Sawing Wood chronicles the travels and artistic ventures of a young family as they move from San Francisco to Boise to Boulder, CO in pursuit of a place to call home.


Wednesday, June 9, 2010

The Rigged Game

11 Aug 09, San Francisco

To write, nine tenths of the problem/ is to live.”

– William Carlos Williams, Paterson

Monday morning, fog as thick as a winter snow drift (and colder because you can't ski it). A wind-swept weekend of chores: changed oil on Subaru, 3 loads of laundry washed, a hurried haircut from Anna, a walk to grocery store, a run on the hill. Only a little time for reading on porch and smooching with Anna and baby. (Did get in a Saturday afternoon bbq at K. and C.'s place, where I met the editor of Zoetrope magazine and had a good talk about what they’re looking for in fiction.)
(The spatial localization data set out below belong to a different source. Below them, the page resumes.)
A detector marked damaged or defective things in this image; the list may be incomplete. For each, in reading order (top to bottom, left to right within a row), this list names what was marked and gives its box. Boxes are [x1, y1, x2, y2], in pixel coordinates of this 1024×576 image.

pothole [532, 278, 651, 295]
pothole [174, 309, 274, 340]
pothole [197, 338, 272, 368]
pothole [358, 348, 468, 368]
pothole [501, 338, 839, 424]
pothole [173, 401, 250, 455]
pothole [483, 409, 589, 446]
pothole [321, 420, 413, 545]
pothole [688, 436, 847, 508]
But didn’t get a damn thing done with the agent search. I'm pathetic when it comes to online work. Like taking roundhouse swings in the pitchblack. If only the mission involved hammer and nails, then I'd build myself a mansion of a publishing house with yours truly as their keystone author, bust in the courtyard and all. But online research? That ghost-realm behind the screen evades me every time.

Another good tumble at soccer practice on Tuesday, which hasn't helped my back, slightly pulled from loading 5/8's sheetrock solo at the yard. The usual pain in forearms after a day of hammering rock back from door jambs yesterday. I'm getting nearly too old for this. I've got, I believe, enough brains to move up and become a foreman, but I don't want that. I want something else, yet it seems I'm not quite clever enough for that and so I'm stuck on the lower rung of a ladder I don't want to climb. Twain's quote, which heads this blog, darts to mind. Never have I dived right in for the three year test, though. Started with sawing wood and kept at it as a backup, but now I wonder if it the old block hasn't acted more as an anchor than a buoy.
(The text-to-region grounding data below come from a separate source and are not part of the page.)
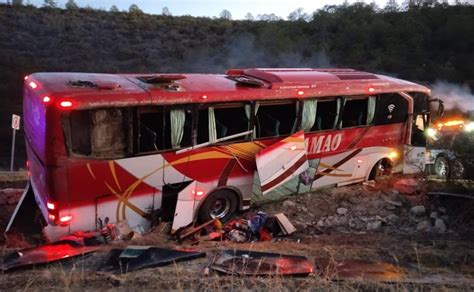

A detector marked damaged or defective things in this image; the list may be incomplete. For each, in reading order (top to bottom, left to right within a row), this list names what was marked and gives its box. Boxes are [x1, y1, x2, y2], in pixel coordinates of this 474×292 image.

wrecked bus [10, 69, 440, 242]
torn metal panel [0, 240, 98, 272]
torn metal panel [98, 246, 206, 274]
torn metal panel [211, 251, 314, 276]
torn metal panel [314, 258, 408, 282]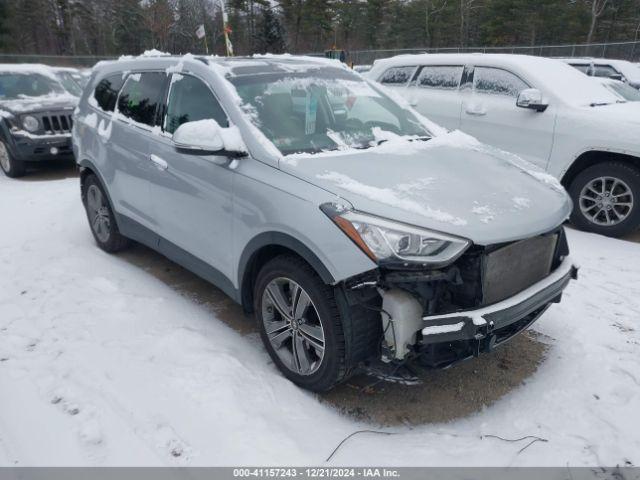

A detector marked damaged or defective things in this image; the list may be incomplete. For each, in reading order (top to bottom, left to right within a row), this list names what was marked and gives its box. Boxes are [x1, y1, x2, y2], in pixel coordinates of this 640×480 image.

detached front bumper [8, 132, 73, 162]
detached front bumper [422, 256, 576, 350]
There is this idea of progress, getting a little further along each day or week, whether it’s with writing or work or the household or life itself somehow. But life itself can’t be progressed, can it? The material things that make life more interesting or vivid can be tinkered with and accumulated, but even there, you’re dealing with the ephemeral nature of things. And if your objectives are strictly objects, then at the end of a measly two-day weekend all you’ll have to show for it is a laundry line of clothes flapping in the fog, four greasy quarts of used oil that need taking to the recycle center.

Maybe it's the idea of progress that's rigged. Isn't getting by enough? Isn't getting by with your family and friends, day by day together, enough? It should be. But here I am acting the stone-age romantic again, pining for simpler days, when around here the Ohlone natives fished the bay and strolled from village to village, doing more hanging-out together than anything else.

But the fact is I'm stuck with the modern, perhaps very American, belief that I should not only be getting something more done each day, I should also matter somehow in this world, be important. And I'm selfish and self-driven enough to believe that poison; to want for myself a role more distinct than merely as progenitor of the human condition.

So then I have to ask myself, what is this extra thing? If I get my novel published, will I have the extra in my hands then? Will the sight of poplar trees drifting against the sky be any more beautiful or any more mine then? The small things that move me won't be any different, but there's the very real danger that I will be, and not see those things anymore. The extra things are already with us, aren't they? What more extra do I need than Ada smiling in my arms, gazing right back into my eyes, making funny sounds as she tries to tell me something more important than I could ever write myself.

(And as proof of it: late that night, a little whiskey in me, holding Ada as I pace the bedroom, she quits crying and suddenly looks deeply into me with her sweet watchful eyes; the wise little creature, her soul still dewy from the other side, and she smiles and chawls out some sounds trying to talk, trying to tell me something, and she's saying, it's going to be all right, it's going to be okay, funny daddy.)